For investors with a long-term horizon, examining earnings trend over time and against industry peers is more insightful than looking at an earnings announcement in one point in time. Investors may find my commentary, albeit very high-level and brief, on JK Cement Limited (NSE:JKCEMENT) useful as an attempt to give more color around how J.K. Cement is currently performing.

Check out our latest analysis for J.K. Cement

Did JKCEMENT's recent earnings growth beat the long-term trend and the industry?

JKCEMENT's trailing twelve-month earnings (from 31 March 2018) of ₹2.90b has jumped 27.83% compared to the previous year. Furthermore, this one-year growth rate has exceeded its 5-year annual growth average of 6.61%, indicating the rate at which JKCEMENT is growing has accelerated. What's the driver of this growth? Well, let’s take a look at whether it is only a result of an industry uplift, or if J.K. Cement has experienced some company-specific growth.

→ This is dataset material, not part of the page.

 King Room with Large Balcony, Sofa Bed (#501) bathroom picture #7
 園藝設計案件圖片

The rise in earnings seems to be supported by a robust top-line increase overtaking its growth rate of expenses. Though this has led to a margin contraction, it has made J.K. Cement more profitable. Inspecting growth from a sector-level, the IN basic materials industry has been growing its average earnings by double-digit 13.23% in the previous year, and a more muted 7.66% over the previous five years. This growth is a median of profitable companies of 25 Basic Materials companies in IN including Shiva Granito Export, Inani Marbles and Industries and Kakatiya Cement Sugar and Industries. This suggests that any tailwind the industry is benefiting from, J.K. Cement is capable of amplifying this to its advantage.

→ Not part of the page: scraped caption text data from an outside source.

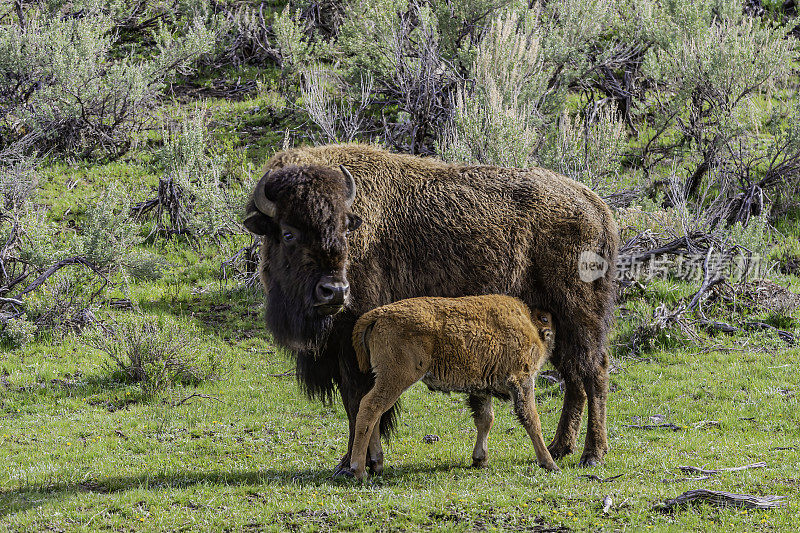 美国野牛或简称野牛(bison bison)，也通常被称为美国水牛或简称水牛，黄石国家公园，怀俄明州。母鲸和幼鲸。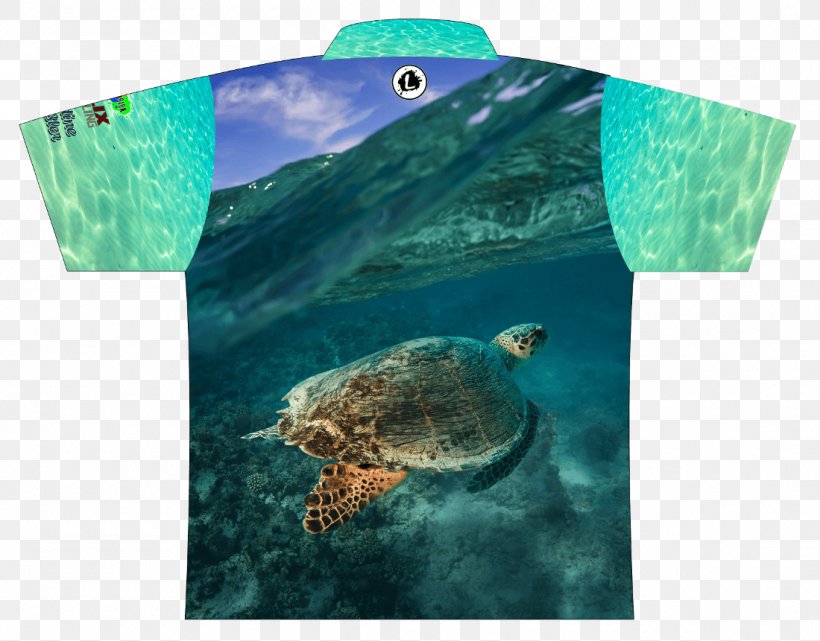 Loggerhead Sea Turtle Ecosystem Marine Biology Fauna, PNG, 1100x861px, Loggerhead Sea Turtle, Aqua, Biology, Ecosystem, Fauna Download Free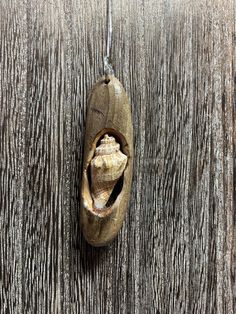 a piece of wood with a shell hanging from it's side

NSEI:JKCEMENT Income Statement Export August 5th 18
In terms of returns from investment, J.K. Cement has not invested its equity funds well, leading to a 14.46% return on equity (ROE), below the sensible minimum of 20%. However, its return on assets (ROA) of 8.89% exceeds the IN Basic Materials industry of 7.09%, indicating J.K. Cement has used its assets more efficiently. And finally, its return on capital (ROC), which also accounts for J.K. Cement’s debt level, has increased over the past 3 years from 2.61% to 7.78%.

What does this mean?

J.K. Cement's track record can be a valuable insight into its earnings performance, but it certainly doesn't tell the whole story. Companies that have performed well in the past, such as J.K. Cement gives investors conviction. However, the next step would be to assess whether the future looks as optimistic. You should continue to research J.K. Cement to get a more holistic view of the stock by looking at:

  1. Future Outlook: What are well-informed industry analysts predicting for JKCEMENT’s future growth? Take a look at our free research report of analyst consensus for JKCEMENT’s outlook.
  2. Financial Health: Is JKCEMENT’s operations financially sustainable? Balance sheets can be hard to analyze, which is why we’ve done it for you. Check out our financial health checks here.
  3. Other High-Performing Stocks: Are there other stocks that provide better prospects with proven track records? Explore our free list of these great stocks here.
NB: Figures in this article are calculated using data from the trailing twelve months from 31 March 2018. This may not be consistent with full year annual report figures.

To help readers see past the short term volatility of the financial market, we aim to bring you a long-term focused research analysis purely driven by fundamental data. Note that our analysis does not factor in the latest price-sensitive company announcements.

The author is an independent contributor and at the time of publication had no position in the stocks mentioned. For errors that warrant correction please contact the editor at editorial-team@simplywallst.com.

Simply Wall St analyst Simply Wall St and Simply Wall St have no position in any of the companies mentioned. This article is general in nature. We provide commentary based on historical data and analyst forecasts only using an unbiased methodology and our articles are not intended to be financial advice. It does not constitute a recommendation to buy or sell any stock and does not take account of your objectives, or your financial situation. We aim to bring you long-term focused analysis driven by fundamental data. Note that our analysis may not factor in the latest price-sensitive company announcements or qualitative material.